Guppy06 August 3, 2011 at 1:48 pm

"relying on airport safety inspectors to continue working without pay"

They would, but the manager at the McDonald's they have to work at to pay the rent gets real pissed off when they show up late for the lunch rush.

simplyblue7 August 3, 2011 at 3:28 pm

I'm sure these employees will work just as hard as if they were getting paid…oh god, nobody fly.

VaWyo August 3, 2011 at 4:29 pm

I'm sure the inspectors are very serious about making sure the planes are safe. But they have been furloughed. That means they are not working. And why would anyone spend his/her own money to do the job they have been furloughed from when their income has stopped and they need their money just to support themselves? It's crazy and I would questions the sanity of anyone who would do it.

Negropolis August 4, 2011 at 1:21 am

Yes, yes, our descent into Idiocracy is nearly complete…

America: Shutting down, one department at a time, since 1981.

outragedcitizen August 4, 2011 at 3:20 pm

I can just see those teabagging assholes getting on a jet at National Airport, ( I refuse to call it Ronald Reagan Airport), and suddenly realizing that they just might have fucked up this time.

NorthStarSpanx August 3, 2011 at 11:27 am

In "So I Married An Axe Murderer" Stephen Wright plays a Piper pilot who fell asleep in a storm flying a cop out to an Island to save his friend.

He wakes up and says, "Oh, you wouldn't believe the dream I had,"

Anthony LaPaglia screams, "I don't care about your dream, just fly the plane!"

Chet Kincaid August 3, 2011 at 12:41 pm

All-Volunteer Air Safety! I play a lot of Flight Control on my iPhone–can I help out in 5-minute increments while commuting?

genxr August 3, 2011 at 12:43 pm

Crowdsourcing air traffic control! I think you've hit on something there. We'll have this budget balanced in no time.

Swampgas_Man August 3, 2011 at 2:07 pm

On your next flight, be sure and shout out lots of suggestions and information to your server! They LOVE the help!

genxr August 3, 2011 at 12:45 pm

Roger flight one niner… last message was unclear… please adjust heading to avoid collision…

freakishlywrong August 3, 2011 at 1:01 pm

I thought you got him canned already? What I meant, Baconz, is that you were always posting on the Wonkett about what a tool Dale is. Now, you'll have an intern, see?

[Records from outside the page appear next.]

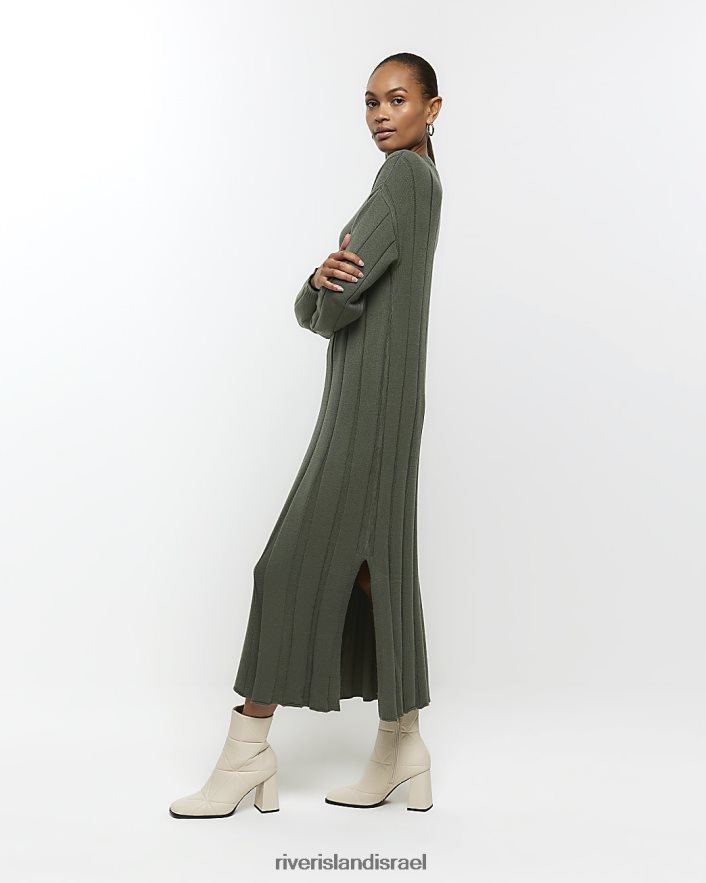 לבוש River Island שמלת מקסי מגשר עם צווארון גבוה חָקִי נשים BDZ40860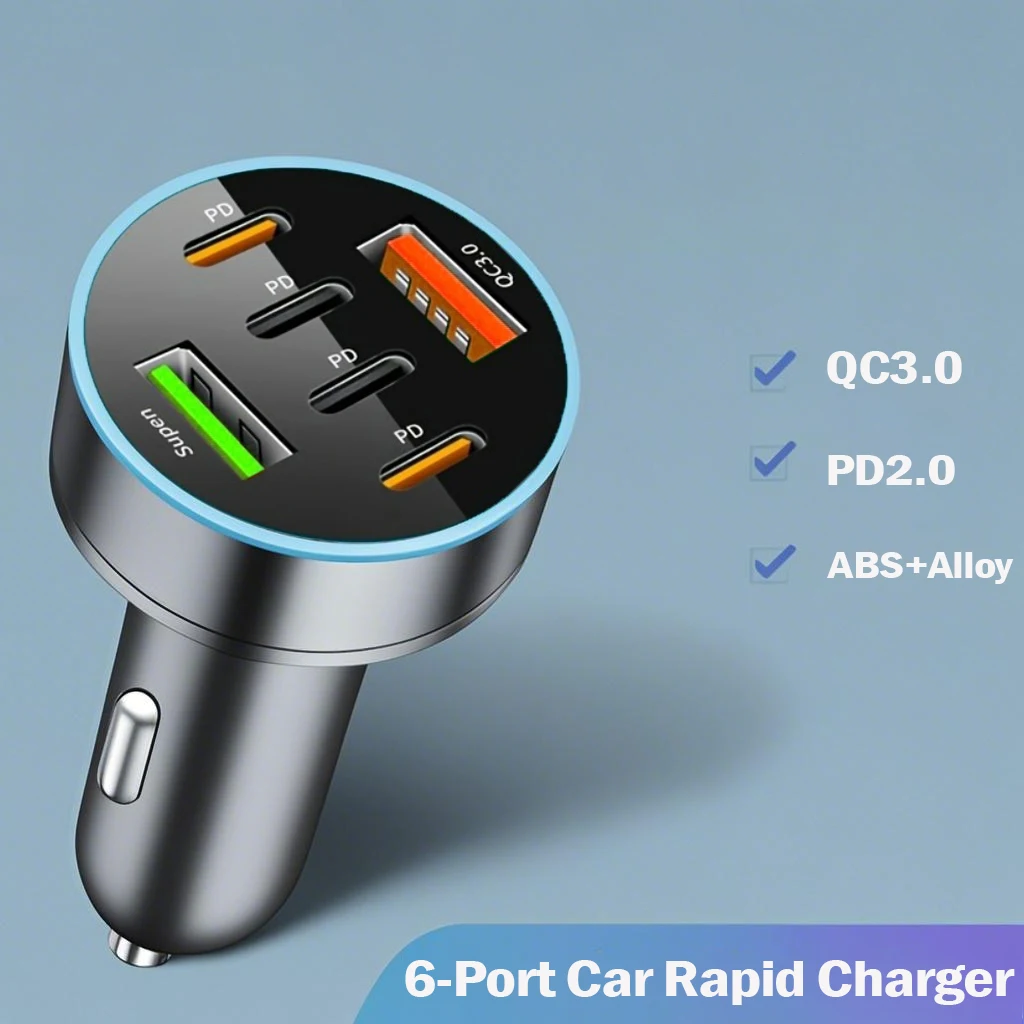 Cargador de coche con pantalla digital de 66 W con 4 puertos USB - Adaptador de carga rápida PD/QC3.0 para iPhone Samsung Huawei Xiaomi Cargador de coche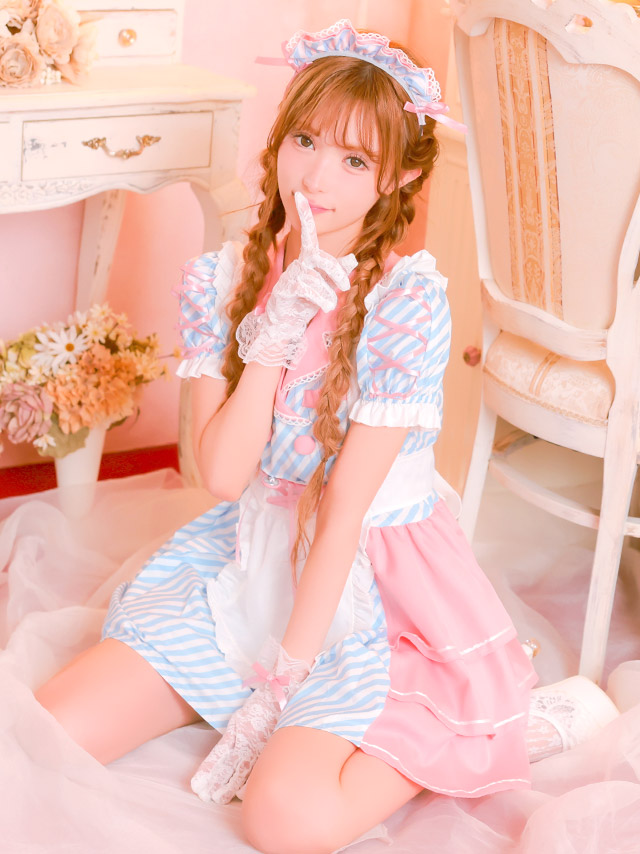 コスプレ 制服 4点set ダイナー メイド ストライプ 体型カバー フレアスカート ポップ ガーリー ウェイトレス (ワンピース/エプロン/カチューシャ/グローブ)【ハロウィン】[tk-hw918868a]のイメージ画像3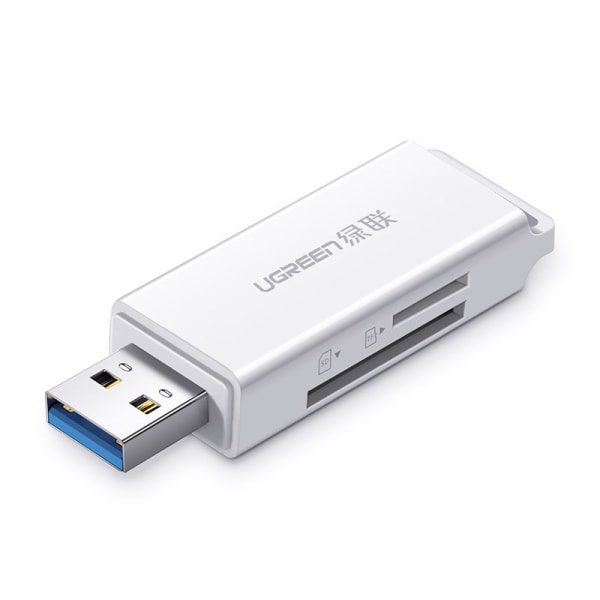 Ugreen kannettava TF/SD-kortinlukija USB 3.0:lle - valkoinen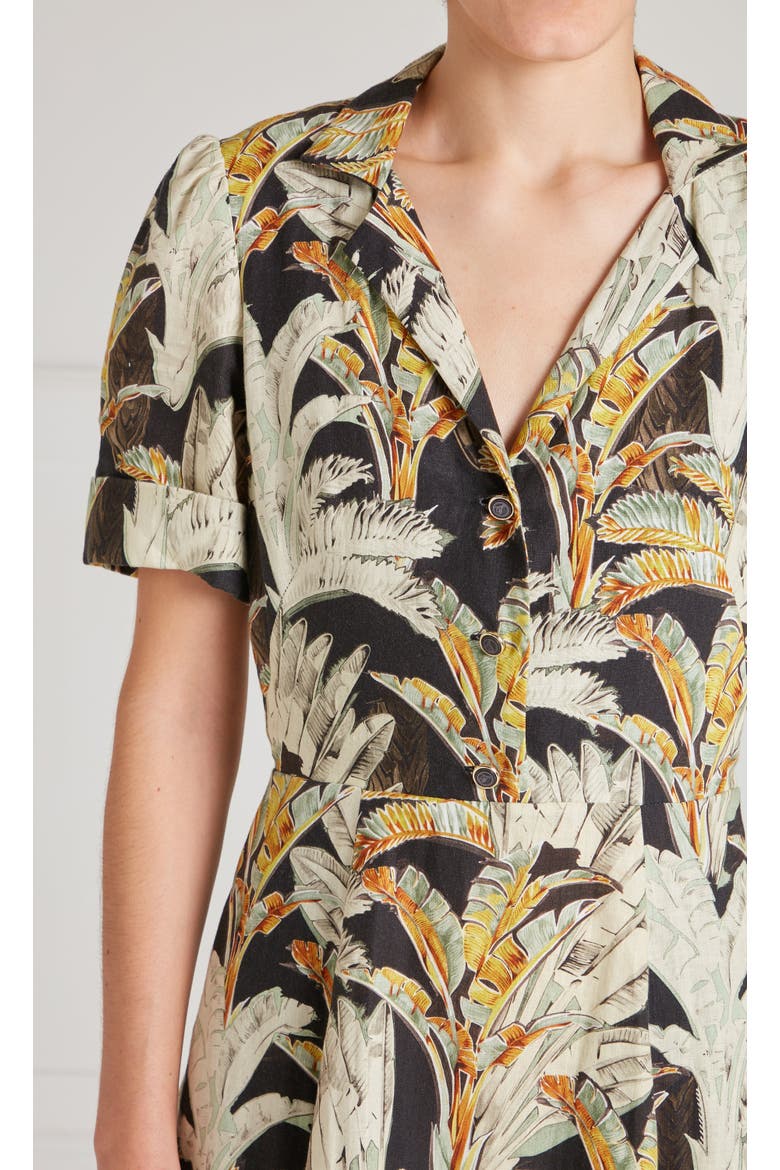 Baxter Linen Sleeved Dress, Alternate, color, Black & Khaki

baconzgood August 3, 2011 at 1:25 pm

No Not fired…YET. He tangled with me over some office policies he implemented and I won. 'Cause you don't fuck with the Baconz when it comes to my buisness time. I remember my internship. And Larry taught me everything I know about slackin' . He made George Constanze from Sienfeld look like John Henry.

freakishlywrong August 3, 2011 at 1:37 pm

Do you write for The Onion?

Barb August 3, 2011 at 2:36 pm

Thanks!

VaWyo August 3, 2011 at 4:23 pm

It's the National Mediation Board (NMB), not the NLRB.

My union did a study about this last year and NOT ONE single newly elected member of congress would have been elected using the standard they want for unions in the airline and railroad industry. It's bull shit. And it is all because of Delta and their flight attendants.

BaldarTFlagass August 4, 2011 at 8:34 am

Ba-dump. Ba-dump. Ba-dump. Ba-dump. Ba-dump. Ba-dump.

For 60 miles up US 31. Yeesh.

BerkeleyBear August 4, 2011 at 8:07 pm

Shortly after moving to Bloomington, my wife wanted to meet with her relatives in Grand Haven (western)Michigan halfway between the two. Looked at a map and picked South Bend, because exactly half way was a field in Amish country. We wind up on 31 the whole way, they get to take interstates – it took nearly 3 times as long, and going through Kokomo and South Bend made me actually appreciate Indianapolis.

I've got a lot of reasons to hate Notre Dame, but that trip was the cherry on the shit sundae.